Coverage You Can’t Keep

Over the past few days, there have been several stories like this one:

CareFirst BlueCross BlueShield is being forced to cancel plans that currently cover 76,000 individuals in Virginia, Maryland, and Washington, D.C., due to changes made by President Obama’s health care law, the company told the Washington Examiner today. That represents more than 40 percent of the 177,000 individuals covered by CareFirst in those states.

More examples:

Florida Blue … is terminating about 300,000 policies, about 80 percent of its individual policies in the state. Kaiser Permanente in California has sent notices to 160,000 people – about half of its individual business in the state.  Insurer Highmark in Pittsburgh is dropping about 20 percent of its individual market customers, while Independence Blue Cross, the major insurer in Philadelphia, is dropping about 45 percent.

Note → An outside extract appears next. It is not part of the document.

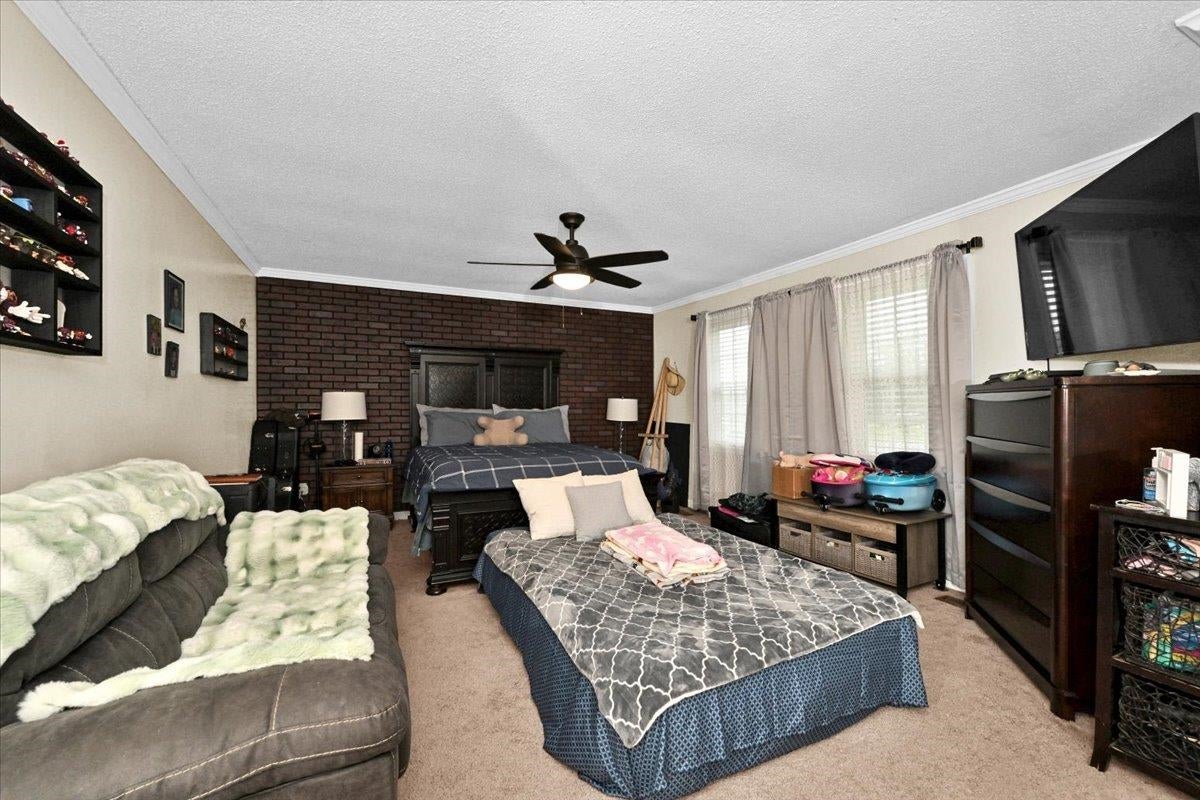 431 Co Rd 1242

Last week, Bob Laszewski explained what’s happening:

The U.S. individual health insurance market currently totals about 19 million people. Because the Obama administration’s regulations on grandfathering existing plans were so stringent about 85% of those, 16 million, are not grandfathered and must comply with Obamacare at their next renewal. The rules are very complex. For example, if you had an individual plan in March of 2010 when the law was passed and you only increased the deductible from $1,000 to $1,500 in the years since, your plan has lost its grandfather status and it will no longer be available to you when it would have renewed in 2014.

These 16 million people are now receiving letters from their carriers saying they are losing their current coverage and must re-enroll in order to avoid a break in coverage and comply with the new health law’s benefit mandates––the vast majority by January 1. Most of these will be seeing some pretty big rate increases.